DATASET EXTRACT >>
——
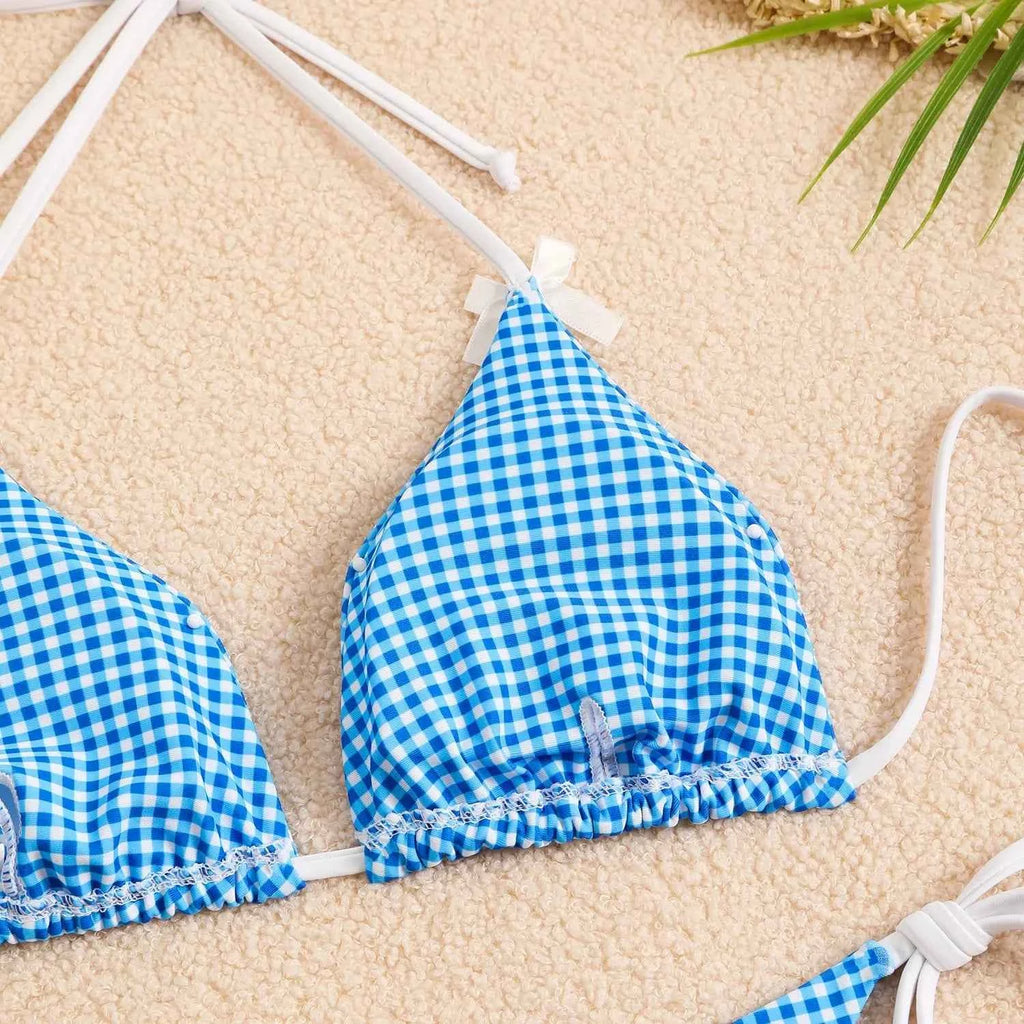 Circyy 2026 Bathing Suit Women Plaid Dot Split Swimsuit Neck-mounted Bow Tie Beachwear Vintage Simple Two-piece Bikinis Summer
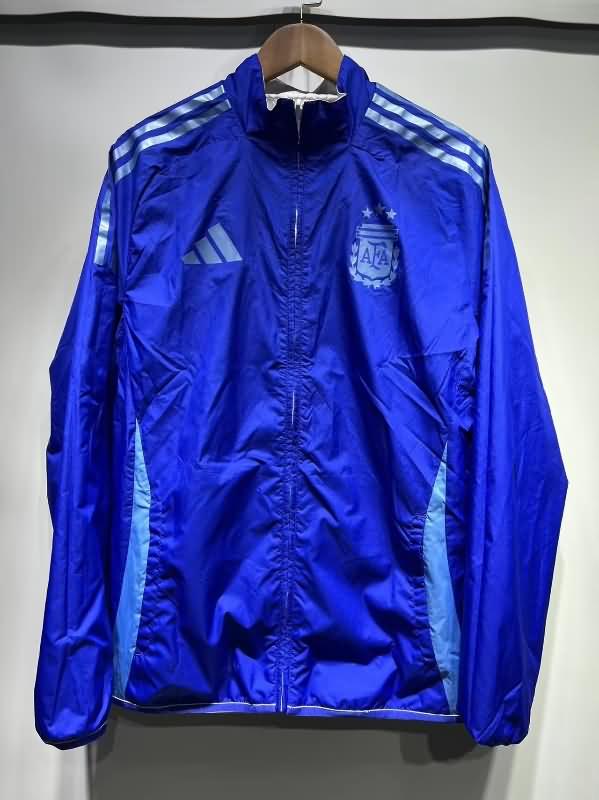 Argentina Soccer Windbreaker White Blue Reversible Replica 2024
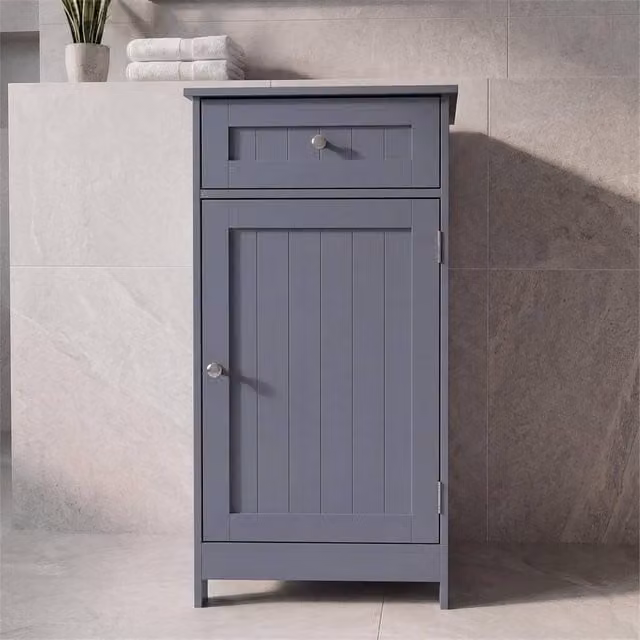 FORGEVIO Grey Bathroom Storage Cabinet with 1 Door and 1 Drawer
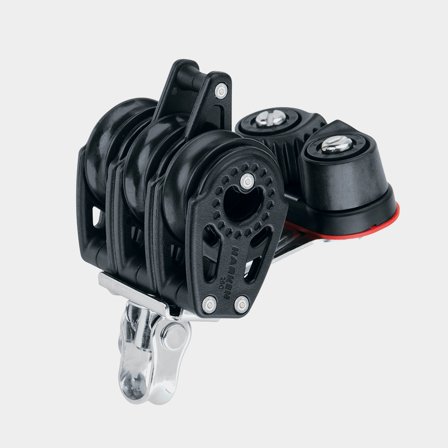 Trojitá kladka se šeklem Harken Carbo Air 29 mm, pevná/otočná, s kluzným ložiskem, s otvorem pro pejska a s ráčnou, vhodná pro lana Ø2 - 6 mm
——
WHAT IS REQUIRED >> Pictures stay out; the data above is to be returned exactly.

EXERCISE RESULT >>
 Circyy 2026 Bathing Suit Women Plaid Dot Split Swimsuit Neck-mounted Bow Tie Beachwear Vintage Simple Two-piece Bikinis Summer
 Argentina Soccer Windbreaker White Blue Reversible Replica 2024
 FORGEVIO Grey Bathroom Storage Cabinet with 1 Door and 1 Drawer
 Trojitá kladka se šeklem Harken Carbo Air 29 mm, pevná/otočná, s kluzným ložiskem, s otvorem pro pejska a s ráčnou, vhodná pro lana Ø2 - 6 mm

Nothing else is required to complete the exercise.